Some of them started before 2018, I think, but there were years of overlap where mailing list use decreased, while use of those other things increased.
It is highly unusual for any decent size community of users to switch overnight from one communication mode to another.
unless the old way was simply no longer available.
There is a graph I made summarizing the % of Clojure survey respondents that used some of these communication modes, by year, collected over the last 5-6 years or so, where you can easily see the % of people using the mailing lists gradually decreased over multiple years, and other things increased over multiple years. I don't recall the link to that chart right now, unfortunately.
@U0CMVHBL2 if the link springs to mind later, I'd be curious to see it!
@U04V70XH6 Do you happen to recall the location of the graph I am thinking of? I think I added a page to some site that you showed me a couple of years ago, with background on the question of whether/how to "move" the Clojure community from one communication mode to another.
Found it: https://github.com/clojurians/community-development/blob/master/clojurians-slack-archive-notes.md (the chart I am referring to is at the end of that page)
Looks like I have not updated the chart in several years....
A significant update since that page was written, of course, is that we are currently enjoying the benefit of a free commercial Slack license for Clojure, although that free gift might be taken away at the decision of people at Slack at their discretion.
Interesting that only the mailing lists really took a big hit while everything else was mostly stable... ...I suppose IRC took a hit took, but I think a lot of that was due to problems on freenode (and why it moved to libera instead)?
https://www.surveymonkey.com/stories/SM-_2BH3b49f_2FXEkUlrb_2BJSThxg_3D_3D/
Q17 is now for comparison
That doesn't even list IRC... was it deliberately not an option or were responses just statistically insignificant?

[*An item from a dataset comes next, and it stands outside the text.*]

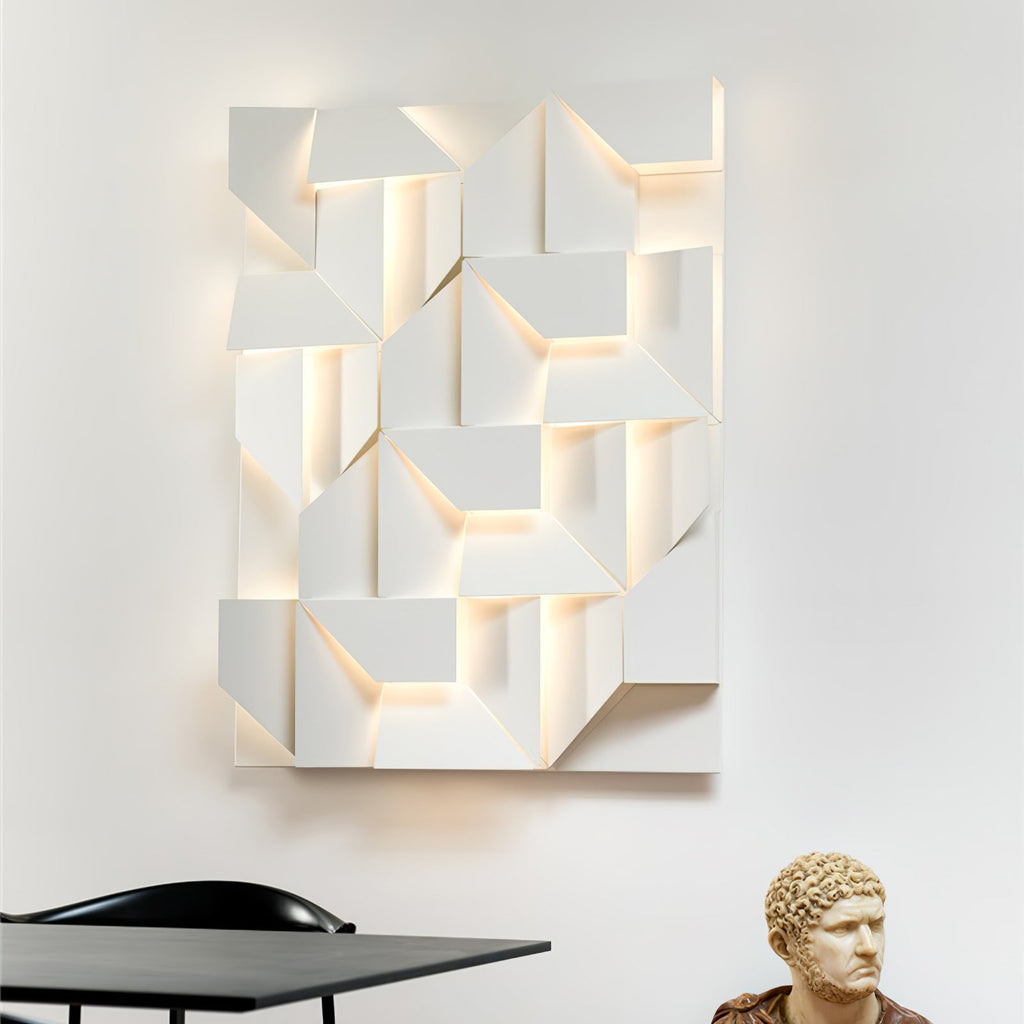 Wall Sconce Set | Rechargeable Laser-Cut Aluminum | Matte White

things that get very low in responses get dropped. in 2021, we only had 14 people that said they used irc, so it was dropped in 2022 and that carried through to 2023
Ah, thanks. That makes sense.
2022 had 17 irc mentions in the other open response, 2023 had 1 irc mention
@U05KCAL988Y This Slack started in March 2015. I'm not sure when ClojureVerse and Zulip got started. I think Zulip was 2018? > All these places come after 2018?
@alexmiller Thanks for that surveymonkey link for 2023 results. Is the raw data available there somewhere? I only saw the charts.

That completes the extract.